The abundance of good building stone influenced the style of architecture,
which is seen even in many of the cottages, whose picturesqueness adds much
to the beauty of the villages. Thatch, either of reed or straw, is still common,
being found even in Oakham, and roofs of Colleyweston and other 'stone
slates' are found almost everywhere. Except in Oakham and Uppingham,
brick is little used, though bricks were being made in the county at the close of
the 17th century. (fn. 14)
Possibly the Saxon queens had a hall at Oakham from which the affairs
of the Soke of Oakham were administered, but the existing hall was built by
Walchelin de Ferrers about 1190. It belonged to an early fortified house, not
properly a castle, as it is sometimes called; Essendine Castle and Woodhead
Castle were perhaps of the same nature, but nothing remains of either except
the earthworks. The first Norman lords, being absentees, would require
houses, probably of an unsubstantial character, only for their bailiffs and
other officers, but the disposal of sub-manors had begun before the Conquest
and subinfeudation grew rapidly afterwards. The little castles consisting of a
mount, or mount with a bailey attached, which dot the country, are generally
attributed to the 'Anarchy' of Stephen's reign, but it well may be that some
of them belong to the early period of the Barons' Wars. They probably had
wooden towers crowning the mount and palisades defending the lower earthworks. Such castles were thrown up at Pilton, Beaumont Chase, and Burley,
but they soon became useless for military purposes.
The fortified manor house of Oakham, to which the name of castle
became attached in the 13th century, consisted of two courts, surrounded by a
broad ditch, in the first of which stood the existing late 12th-century hall.
This hall is one of the most beautiful and least spoilt examples of the architecture of the period to be found in any domestic building in England, the exquisite detail of the arches and capitals of the arcades being nowhere excelled.
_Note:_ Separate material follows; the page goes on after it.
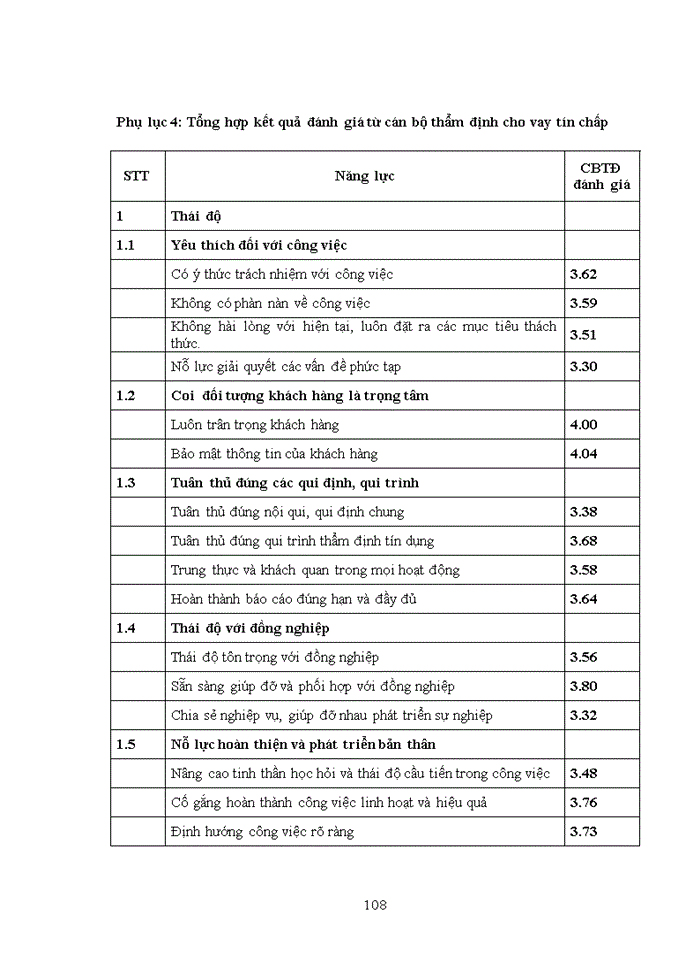 image for page Nâng cao năng lực của cán bộ thẩm định cho vay tín chấp tại trung tâm thẩm định và phê duyệt tín dụng tập trung miền bắc - ngân hàng tmcp việt nam thịnh vượng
The long stiff-stalk foliage of the capitals, often compared with that in the
quire of Canterbury Cathedral, is typical of the contemporary classical carving
employed in Burgundy and elsewhere on the Continent, and the sculpture on
the corbels and label-stops is of the same classic type. (fn. 15) The whole of the
work is a splendid example of the new school of craft then beginning to prevail.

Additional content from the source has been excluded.